У ворот они увидели брата Лоуренса, говорившего с возчиком. Заметив их, келарь внезапно оборвал разговор, отправив возчика в ворота, а сам остался стоять, поджидая их.
— Ты поторопился покинуть нас, брат, — заговорил Болдуин.
— Предпочитаю держаться подальше от этого отродья, — признался монах. — Ну что, все кончилось, как я и думал: новые штрафы с бедняков, которым и без того едва хватает на пропитание?
— Во всей стране не найдешь более сурового и грозного коронера, — сказал Болдуин.
— Он как раз подходит верховной власти. Подозреваемого определили?
Болдуин ухмыльнулся.
— Кого бы выбрал ты?
— Я?
Лоуренс взглянул на него и принялся рассуждать:
— Вполне ясно, что Пилигрим — невинная жертва. Тот, кто убил его, почтительно обошелся с телом, как если бы убийца все же признавал в нем достойного человека. Он не захотел просто оставить его лежать…
— Чего не скажешь о человеке, убившем Джульетту, — вставил Болдуин. — Ее оставили в грязи.
Саймон кивнул.
— Возможно, кто-то спугнул убийцу, и тому пришлось бежать?
— Могло быть и так, — согласился Болдуин. — Как тебе кажется, брат?
Лоуренс со вздохом возвел глаза к небу.
— Вам известна репутация нашего монастыря? Много столетий назад один капеллан согрешил здесь с женщиной. Говорят, что их утащил дьявол, и с тех пор на равнине временами появляется призрак того мужчины.
— Здесь? — спросил Саймон.
Он бы уже озирался кругом с суеверным ужасом, если бы не присутствие Болдуина, который не упустит случая посмеяться над его испугом.
Болдуин улыбнулся свысока и взглянул на Саймона. Но бейлифу он ничего не сказал, а снова обратился к Лоуренсу:
— Как в монастыре оказалась женщина?
— Думаю, ее сюда прислали… как бы под опеку.
— Трудно поверить, чтобы кто-то прислал в подобное место молодую привлекательную воспитанницу, — заметил Болдуин.

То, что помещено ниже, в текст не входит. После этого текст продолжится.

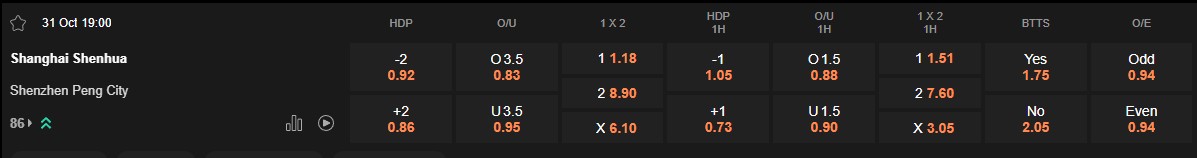 Ty le keo Shanghai Shenhua vs Shenzhen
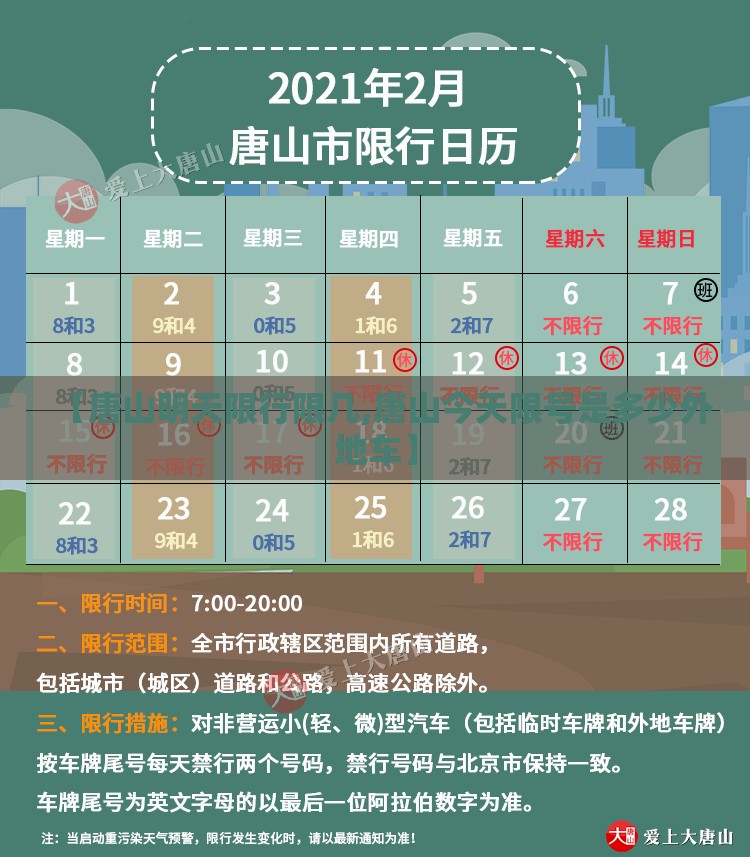 【唐山明天限行限几,唐山今天限号是多少外地车】 【唐山明天限行限几,唐山今天限号是多少外地车】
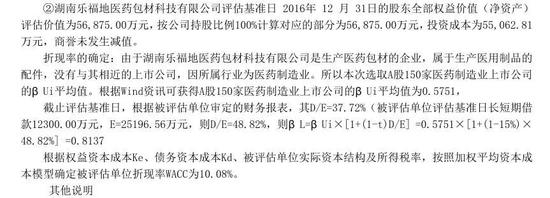 （图29：乐福地商誉不减值，来源：千山药机2016年年报）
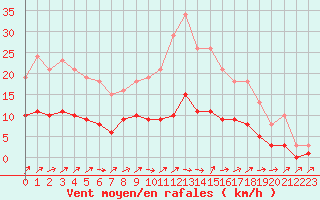 Courbe de la force du vent pour Hestrud (59)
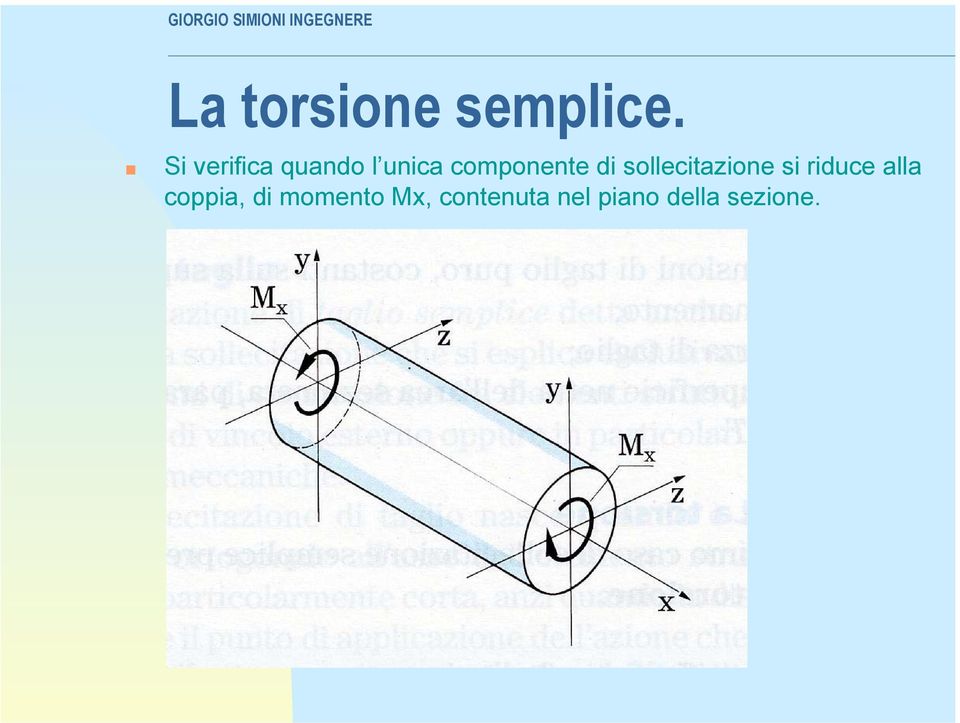 di sollecitazione si riduce alla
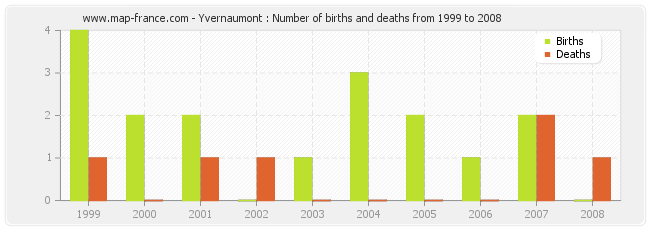 Yvernaumont : Number of births and deaths from 1999 to 2008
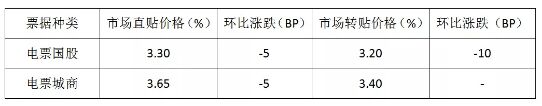 收票情绪高涨，价格下行明显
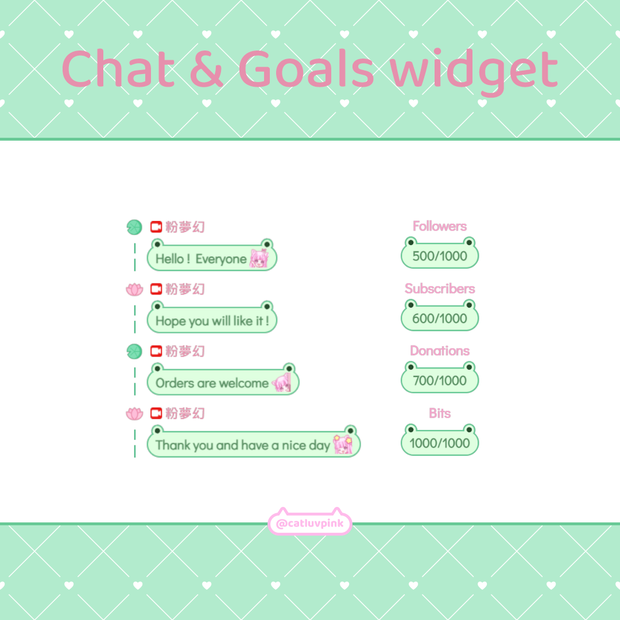 【配信】Frog - Chat and Goals Widget for Stream | Twitch/Facebook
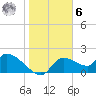 Johns Island tide chart for Friday, January 6, 2023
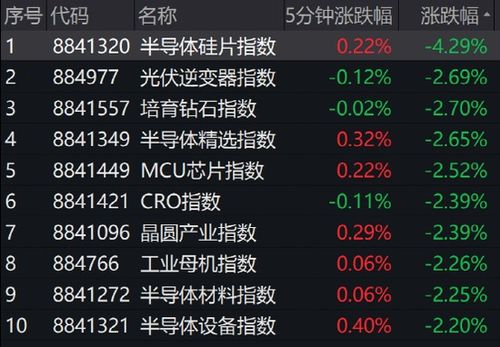 7777788888新奥精准新传真及800图库免费大全图库最新章节600图库:兔、龙、猴、鼠和小心伪假宣传陷阱,标准释义、专家解析解释与落实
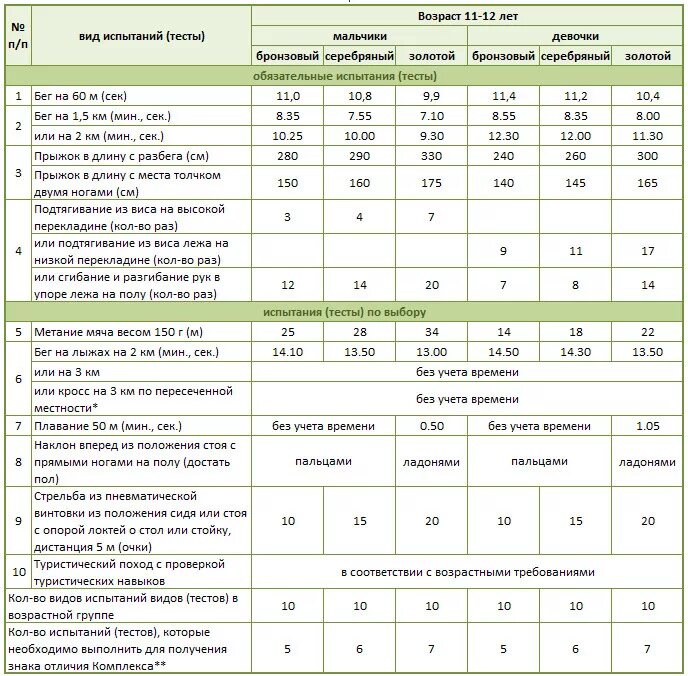 Нормативы 11 лет мальчики. Нормативы ГТО 11 лет мальчики. Нормативы ГТО для мальчиков 11-12 лет таблица. ГТО нормативы для школьников 10-11 лет мальчику. ГТО 3 ступень нормативы для мальчиков.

— А что случается с теми, кто видит призрака? — осведомился Саймон.
— Говорят, они умирают.
— Ну, тех двоих никто не унес, и мне трудно поверить, что дьявол испугался бы случайного свидетеля. И заботиться о теле молодого Пилигрима он бы не стал, — ехидно добавил Болдуин. — Лично я придерживаюсь мнения, что все это — дело рук человеческих.
— Каждому своя вера, сэр Болдуин. Твоя, возможно, более мирского свойства, нежели моя.
— Возможно, — снисходительно согласился Болдуин. — Скажи, брат, где мы найдем женщину, обнаружившую тела?
— Это Элен. Она, должно быть, на берегу. Когда вода спадает, она подбирает то, что принесла Темза. На берег часто выбрасывает что-нибудь, годное в хозяйство или на продажу.